LinuxLists.cc - Re: [Linux-ATM-General] Kernel 2.6.10 and 2.4.29 Oops fore200e (fwd)

2005-01-24 18:37:33

Subject: Re: [Linux-ATM-General] Kernel 2.6.10 and 2.4.29 Oops fore200e (fwd)

In message <[email protected]>,Lukasz Trabinsk
i writes:
>Sorry, but I don;t understand, what line, i am not kernel guru. :/

look for the following code:

/* retry once again? */
if(--retry > 0) {
schedule();
goto retry_here;
}

change schedule() to udelay(50) and see if things are 'better'.

>Is was happened on 2.4.29, too. It is a interrupt problem?

its calling a routine that might sleep while in the transmit routine.
this is not allow.

2005-01-24 22:32:00

by Mike Westall

[permalink] [raw]

Subject: Re: [Linux-ATM-General] Kernel 2.6.10 and 2.4.29 Oops fore200e (fwd)

You could also just revert to kernel 2.4.25 or
earlier. Someone who was apparently oblivious
to the fact that device driver send routines
were "routinely" called in irq context and/or
that it was a <very bad thing> to call schedule()
under such circumstances slipped that one in
sometime between 2.4.25 which is OK and 2.4.28
where it is broken.

In 2.4.25 and earlier it was a simple busy wait loop
in which "goto retry_here;" immediately followed
the "if" statement. This was safe, albeit MP unfriendly
because of the spin_lock()/unlock() on each iteration.

I'd say just delete the if and drop the damn
packet.

At any rate someone who has access to the golden code
should fix this one way or another ASAP because its
definitely seriously broken the way it is now.

Mike

chas williams - CONTRACTOR wrote:
> In message <[email protected]>,Lukasz Trabinsk
> i writes:
>
>>Sorry, but I don;t understand, what line, i am not kernel guru. :/
>
>
> look for the following code:
>
> /* retry once again? */
> if(--retry > 0) {
> schedule();
> goto retry_here;
> }
>
>
> change schedule() to udelay(50) and see if things are 'better'.
>
>
>>Is was happened on 2.4.29, too. It is a interrupt problem?
>
>
> its calling a routine that might sleep while in the transmit routine.
> this is not allow.
>
>
> -------------------------------------------------------
> This SF.Net email is sponsored by: IntelliVIEW -- Interactive Reporting
> Tool for open source databases. Create drag-&-drop reports. Save time
> by over 75%! Publish reports on the web. Export to DOC, XLS, RTF, etc.
> Download a FREE copy at http://www.intelliview.com/go/osdn_nl
> _______________________________________________
> Linux-atm-general mailing list
> [email protected]
> https://lists.sourceforge.net/lists/listinfo/linux-atm-general
>
>

2005-01-24 22:42:09

by chas williams - CONTRACTOR

[permalink] [raw]

Subject: Re: [Linux-ATM-General] Kernel 2.6.10 and 2.4.29 Oops fore200e (fwd)

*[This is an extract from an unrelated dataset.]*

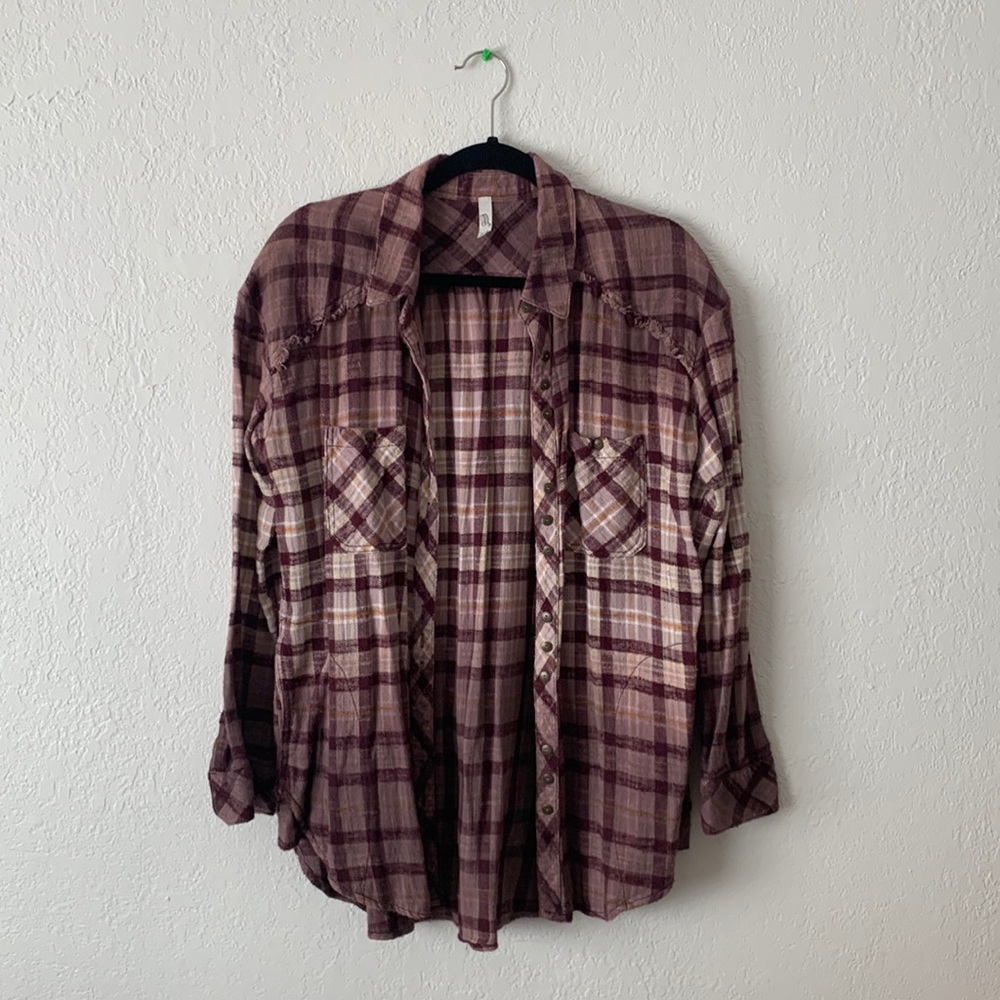 Free People Dip Dye Flannel Buttondown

the author sent me the latest version of the driver and i
got it applied. the driver does has some useful changes
along with this broken change. i suggest udelay() since
it preserves the author's original intent.

i intend to submit a patch this week. i probably wont
fix the ambassador since i cant test the change.

In message <[email protected]>,Mike Westall writes:
>You could also just revert to kernel 2.4.25 or
>earlier. Someone who was apparently oblivious
>to the fact that device driver send routines
>were "routinely" called in irq context and/or
>that it was a <very bad thing> to call schedule()
>under such circumstances slipped that one in
>sometime between 2.4.25 which is OK and 2.4.28
>where it is broken.
>
>In 2.4.25 and earlier it was a simple busy wait loop
>in which "goto retry_here;" immediately followed
>the "if" statement. This was safe, albeit MP unfriendly
>because of the spin_lock()/unlock() on each iteration.
>
>I'd say just delete the if and drop the damn
>packet.
>
>At any rate someone who has access to the golden code
>should fix this one way or another ASAP because its
>definitely seriously broken the way it is now.
>
>Mike
>
>
>chas williams - CONTRACTOR wrote:
>> In message <[email protected]>,Lukasz Trabinsk
>> i writes:
>>
>>>Sorry, but I don;t understand, what line, i am not kernel guru. :/
>>
>>
>> look for the following code:
>>
>> /* retry once again? */
>> if(--retry > 0) {
>> schedule();
>> goto retry_here;
>> }
>>
>>
>> change schedule() to udelay(50) and see if things are 'better'.
>>
>>
>>>Is was happened on 2.4.29, too. It is a interrupt problem?
>>
>>
>> its calling a routine that might sleep while in the transmit routine.
>> this is not allow.
>>
>>
>> -------------------------------------------------------
>> This SF.Net email is sponsored by: IntelliVIEW -- Interactive Reporting
>> Tool for open source databases. Create drag-&-drop reports. Save time
>> by over 75%! Publish reports on the web. Export to DOC, XLS, RTF, etc.
>> Download a FREE copy at http://www.intelliview.com/go/osdn_nl
>> _______________________________________________
>> Linux-atm-general mailing list
>> [email protected]
>> https://lists.sourceforge.net/lists/listinfo/linux-atm-general
>>
>>
>
>
>

2005-01-24 23:24:46

by Lukasz Trabinski

[permalink] [raw]

Subject: Re: [Linux-ATM-General] Kernel 2.6.10 and 2.4.29 Oops fore200e (fwd)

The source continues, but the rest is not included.